According to a blog post by Polytron’s Phil Fish, the developer chose not to issue a new patch for FEZ because it would have cost “tens of thousands of dollars” to do so. The initial title update for FEZ, issued about a month ago, included a glitch that could cause a small percentage of players to lose all their saved progress when updating the game. Fish wrote in his post that Polytron decided to reissue the broken patch because it significantly improved the game for the vast majority of players, and said that Polytron could not afford to issue another patch.
But Microsoft said in a statement emailed to Game Front that it offered to work with Polytron and its investor, Trapdoor, to keep the cost of the patch from being a “blocking issue” to fixing the game. The full statement is below.
Polytron and their investor, Trapdoor, made the decision not to work on an additional title update for FEZ. Microsoft Studios chose to support this decision based on the belief that Polytron/Trapdoor were in the best position to determine what the acceptable quality level is for their game.
While we do not disclose the cost of Title Updates, we did offer to work with Trapdoor to make sure that wasn’t a blocking issue.

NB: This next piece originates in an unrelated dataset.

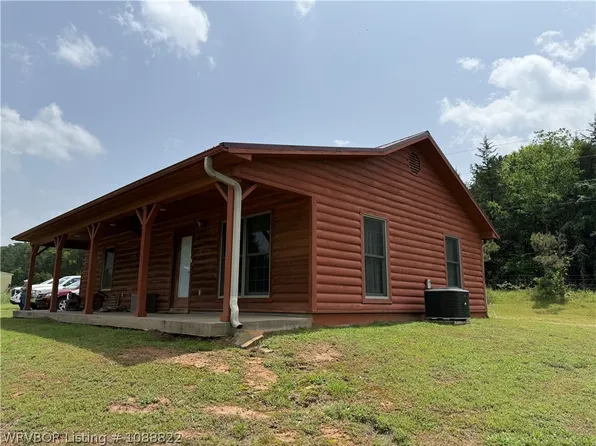 517 Red Barn Antique Rd, Paris, AR 72855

We remain huge fans of Fez.
According to a story from Penny Arcade Report on the issue, Microsoft’s policy on Xbox Live Arcade games is to avoid patching them, and the certification process for games works to make them as polished as possible. That story states that Microsoft gives certification and allows developers to make a title update for free, but charges $40,000 for additional updates as a way of discouraging the need for them.
Polytron also would have known the cost of such patches in its contract with Microsoft when it decided to make the game an Xbox Live exclusive. As Jim Sterling pointed out, Polytron wasn’t required to sign up with Microsoft in making its game. In fact, while Fish mentions that if FEZ had been released on PC on Steam, the patch would have been made much more quickly and easily — but at the time of FEZ’s release, he was adamant that it was not a PC game on Twitter. Fish tweeted the following in September: “It’s a console game. For consoles. PCs are for spreadsheets.”
We’ll post additional updates on this story as it develops.